# PC ohne cpu einschalten?



## RePnalx (16. Mai 2015)

Hallo, wollte mal fragen was passiert wenn man einen pc ohne cpu graka und hdd startet?


----------



## markus1612 (16. Mai 2015)

Der PC startet, du bekommst aber nur Errorcodes ausgeworfen und ein Bild kriegste schon gar nicht.


----------



## RePnalx (16. Mai 2015)

Aber schadet das der hardware oder so? wollte nähmlich gucken ob die lüfter und leds und so klappen


----------



## Amon (16. Mai 2015)

Da passiert nix, keine Sorge.


----------



## RePnalx (16. Mai 2015)

.....


----------



## RePnalx (16. Mai 2015)

Wirklich nicht?  Wie soll ich ihn dann wieder am besten aus machen ? lange auf den an/aus knopf drücken oder stecker ziehen?


----------



## MATRIX KILLER (16. Mai 2015)

RePnalx schrieb:


> Wirklich nicht?  Wie soll ich ihn dann wieder am besten aus machen ? lange auf den an/aus knopf drücken oder stecker ziehen?

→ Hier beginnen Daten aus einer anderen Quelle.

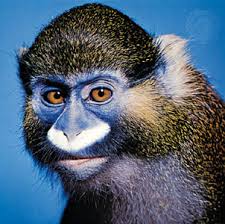 (Cercopithecus cephus) is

Was hast du eigentlich vor?


----------



## RePnalx (16. Mai 2015)

Hab ich schon gesagt will wissen ob alle leds und lüfter klappen hab halt keine cpu graka und festplatte drin. und will wissen ob das schädlich für die hardware ist wenn ich den pc so einschalte


----------



## MATRIX KILLER (16. Mai 2015)

RePnalx schrieb:


> Hab ich schon gesagt will wissen ob alle leds und lüfter klappen hab halt keine cpu graka und festplatte drin. und will wissen ob das schädlich für die hardware ist wenn ich den pc so einschalte



Von welcher Hardware ist hier die Rede ( CPU.Mainboard usw... ).


----------



## RePnalx (16. Mai 2015)

Ich wollte wissen ob die luefter klappen.us hab aber keine cpu und keine graka drin. hab den pc grade mal angemacht ist nichts passieet habe aber ein ganz ganz leises piepen gehört


----------



## RePnalx (16. Mai 2015)

Is was kaputt?


----------



## markus1612 (16. Mai 2015)

Das Piepen sind vermutlich die Errorcodes von denen ich sprach.


----------



## RePnalx (16. Mai 2015)

Aber so leise? das netzteil war nichtmal an bzw habe ich den lüfter vom nt nicht gehört hoffe halt das alles noch funkt ^^


----------



## Amon (16. Mai 2015)

Das wird es.


----------



## RePnalx (16. Mai 2015)

Amon schrieb:


> Das wird es.



Hoffe ich. ist es viell. so das nichts angeht weil halt keine cpu drin ist oder weil es kaputt ist? hab jetzt ein komisches gewissen  grieg an meinem geburtstag inn ein paar tagen eine cpu und brauche den pc auch für die schule


----------



## Bandicoot (16. Mai 2015)

Dann warte ab und spiele nicht sinnlos rum.


----------



## XT1024 (16. Mai 2015)

RePnalx schrieb:


> ist es viell. so das nichts angeht weil halt keine cpu drin ist


Na das wär ja ein Ding!
Ein Rechner, mit dem man, weil wichtige Teile (oder das wichtigste Element überhaupt) fehlen, eh nichts anstellen kann, geht evtl. gar nicht erst an?


----------



## RePnalx (16. Mai 2015)

Hab gelesen das bei manchen die lüfter an gehen  bei manchen auch garnix^^ warte jetzt erstmal auf meine cpu^^


----------